[Image-caption web data]
>>>

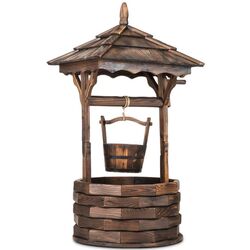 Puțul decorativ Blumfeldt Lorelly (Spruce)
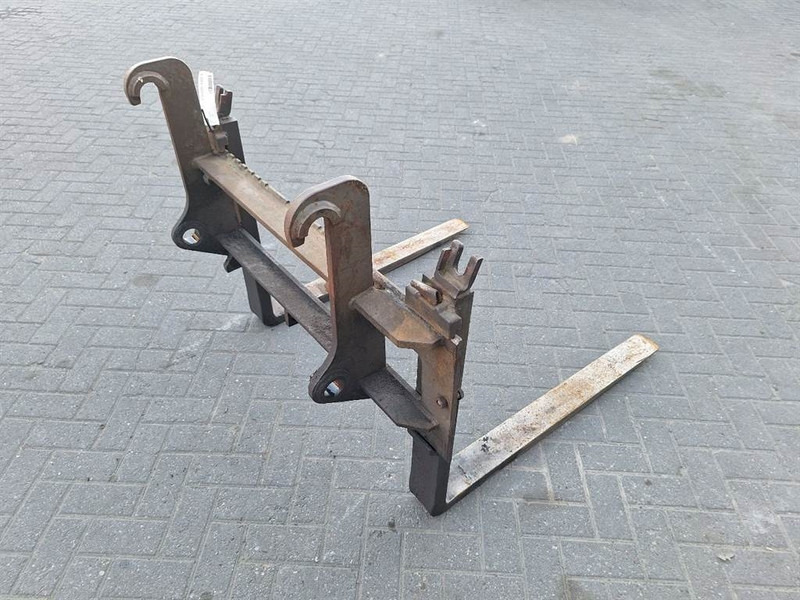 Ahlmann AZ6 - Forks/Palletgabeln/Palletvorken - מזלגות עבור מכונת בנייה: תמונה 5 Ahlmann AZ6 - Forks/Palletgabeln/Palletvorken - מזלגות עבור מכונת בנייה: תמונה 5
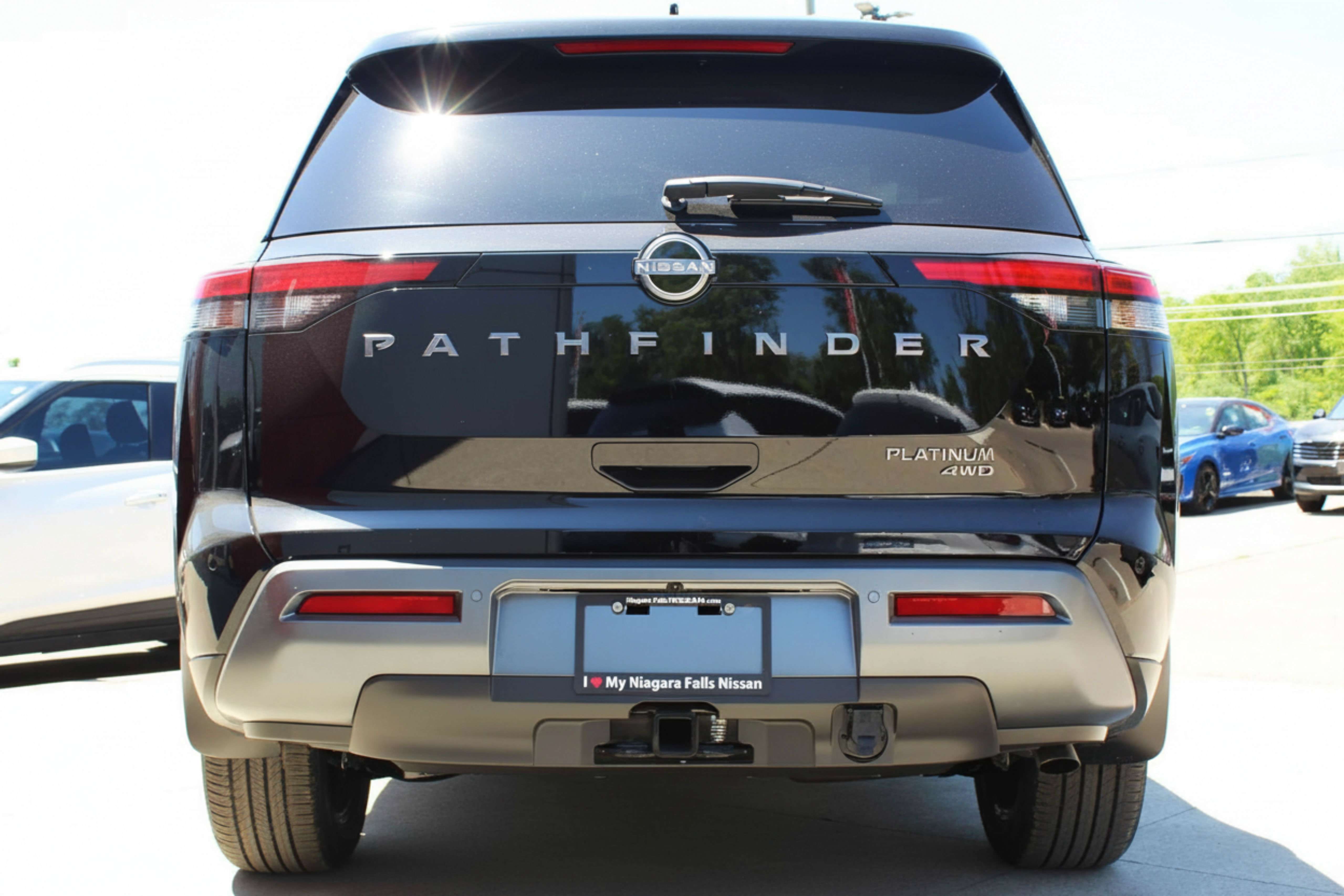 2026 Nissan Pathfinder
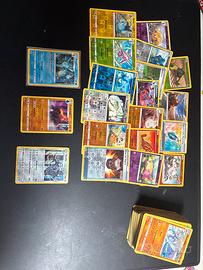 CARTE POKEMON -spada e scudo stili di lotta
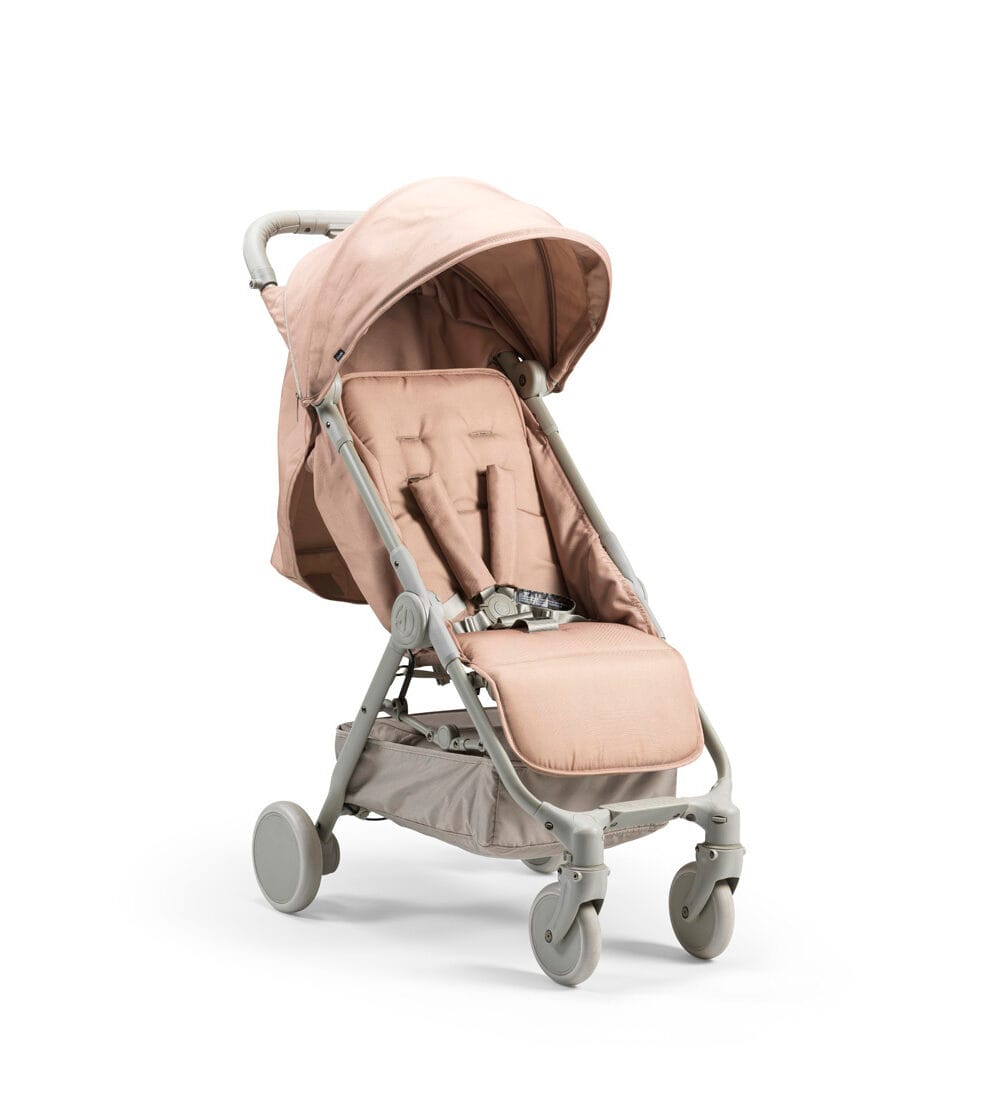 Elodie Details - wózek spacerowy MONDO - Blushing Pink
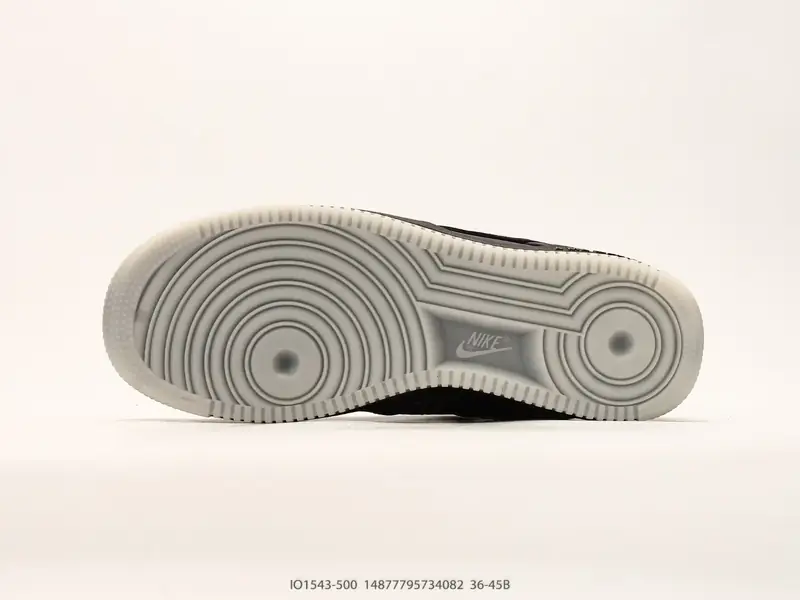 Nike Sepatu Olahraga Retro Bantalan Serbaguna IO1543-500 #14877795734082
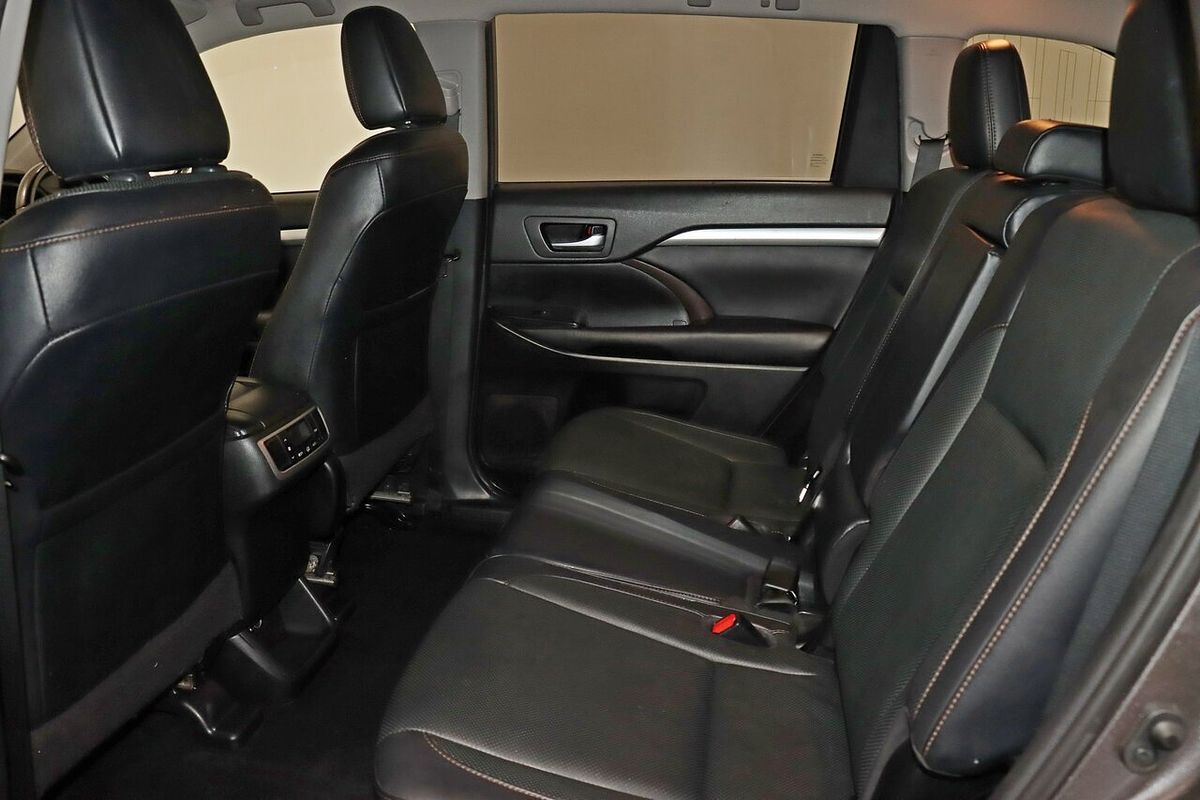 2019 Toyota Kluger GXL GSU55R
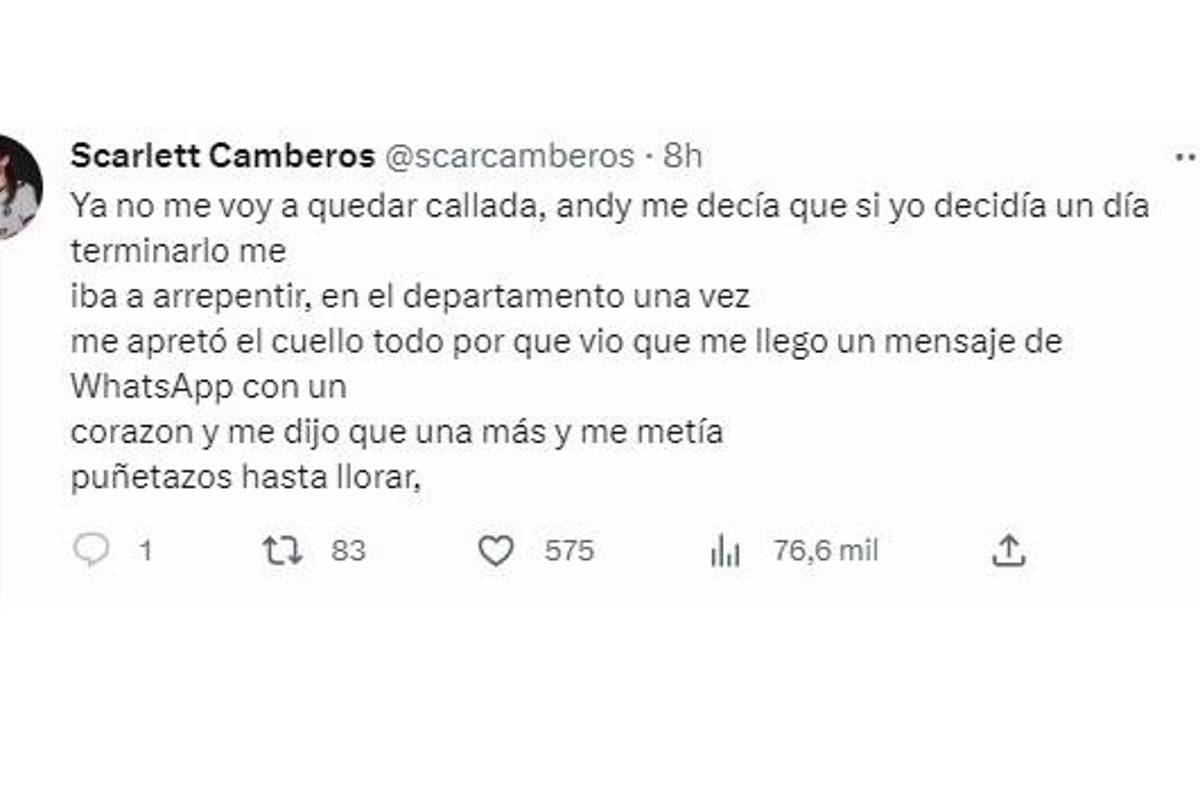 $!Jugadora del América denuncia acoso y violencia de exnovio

<<<

EXERCISE GOAL ▸ Word for word, repeat each line of the records, and leave every image out.

THE ANSWER ▸
 Puțul decorativ Blumfeldt Lorelly (Spruce)
 Ahlmann AZ6 - Forks/Palletgabeln/Palletvorken - מזלגות עבור מכונת בנייה: תמונה 5 Ahlmann AZ6 - Forks/Palletgabeln/Palletvorken - מזלגות עבור מכונת בנייה: תמונה 5
 2026 Nissan Pathfinder
 CARTE POKEMON -spada e scudo stili di lotta
 Elodie Details - wózek spacerowy MONDO - Blushing Pink
 Nike Sepatu Olahraga Retro Bantalan Serbaguna IO1543-500 #14877795734082
 2019 Toyota Kluger GXL GSU55R
 $!Jugadora del América denuncia acoso y violencia de exnovio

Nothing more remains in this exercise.